The soldiers were able to navigate through this new maze of openings by leaving spray-painted traces on the walls behind them—arrows and other directional markers that served as military way-finding glyphs offering a clear path through the dust, wrecked furniture, screaming families, and twisted rebar.
As Weizman points out again and again, this approach may be tactically ingenious, but it is also fraught with moral peril and with highly dangerous ethical implications. Indeed, he refers to all this as “lethal theory.” By thinking of a target purely as an architectural obstacle—an empty building or depopulated neighborhood you simply have to blast through—the lives of the people residing there become entirely secondary. For Weizman, this turned the city into something more like “a military fantasy world of boundless fluidity, in which the city’s space becomes as navigable as an ocean.” This oceanic condition is something he compares to navigating a computer game.
These internal routes were carefully chosen based on detailed maps and aerial photographs. In burglary terms, we might say that the IDF had been casing the entire city of Nablus. Since that 2002 invasion, Weizman writes, the army has even developed detailed 3-D models of Gaza and the West Bank, down to the locations of internal doors and windows. Each structure has also been given an identifying number so that the otherwise impossibly complex task of signaling one’s location to other troops can be resolved simply by relaying a coded number, a kind of military lat/long for the ocean of architecture into which the soldiers have dived. Recall LAPD tactical flight officer Cole Burdette—or even retired NYPD detective Michael Codella—with his own numerical suggestions for navigating urban megastructures.
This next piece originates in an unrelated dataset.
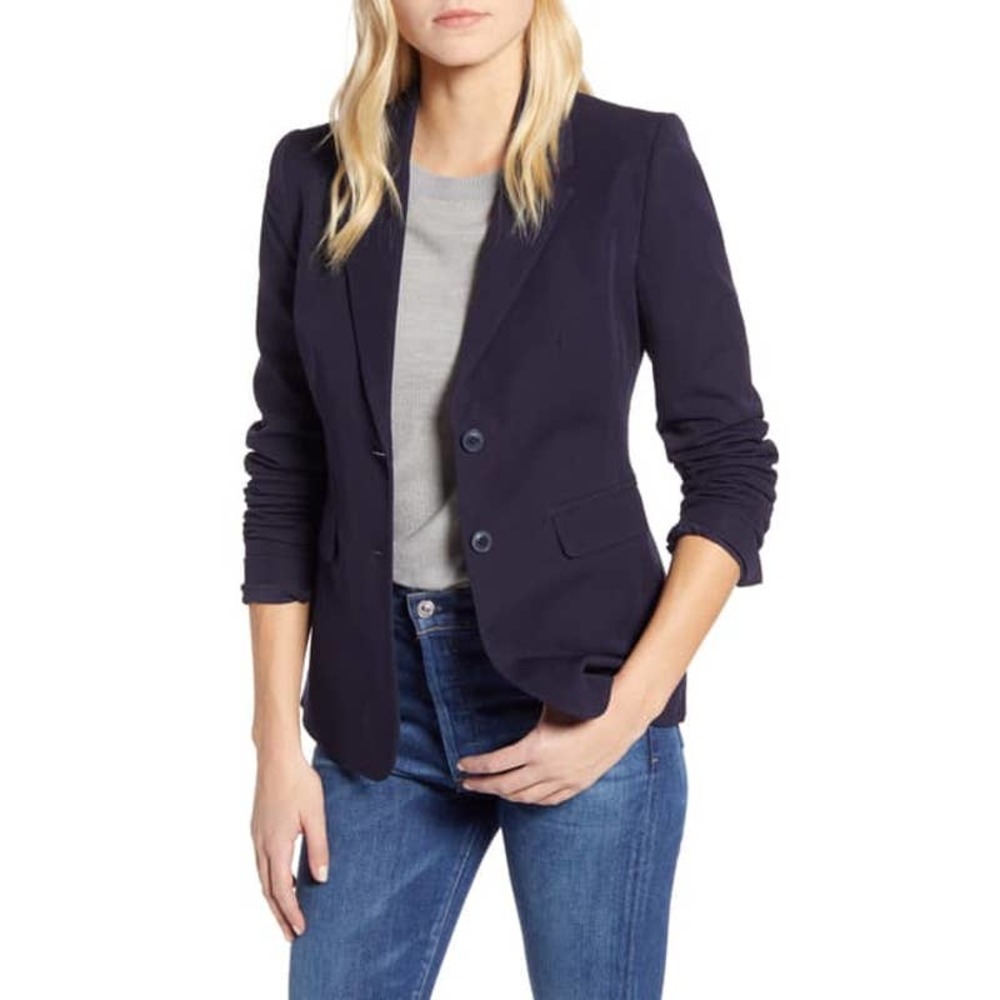 1901 Navy Night Stretch Cotton Twill Blazer 2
One immediately obvious possibility for resisting this—to avoid the tyranny of soldiers armed with 3-D maps or to deter outside invaders and architecturally informed burglars alike—would be to alter the internal layout of a structure so that it no longer corresponds to its official floor plans or existing 3-D models. An anecdotal example of this strategy comes from the work of my wife’s great-aunt, Joan Harding, an archaeologist and historian who founded an organization dedicated to documenting historic houses in the English county of Surrey. Harding’s job included drawing sets of interior plans for each home and estate—however, publicly accessible reproductions of those plans would deliberately omit certain key details for reasons of security. The drawings would leave out entire staircases, for example, or even every family bedroom, so that intruders could not use these documents to plot a burglary. The upshot of this is that many of England’s old country houses have, in effect, secret rooms and stairways—purely because those features do not appear on the buildings’ official floor plans.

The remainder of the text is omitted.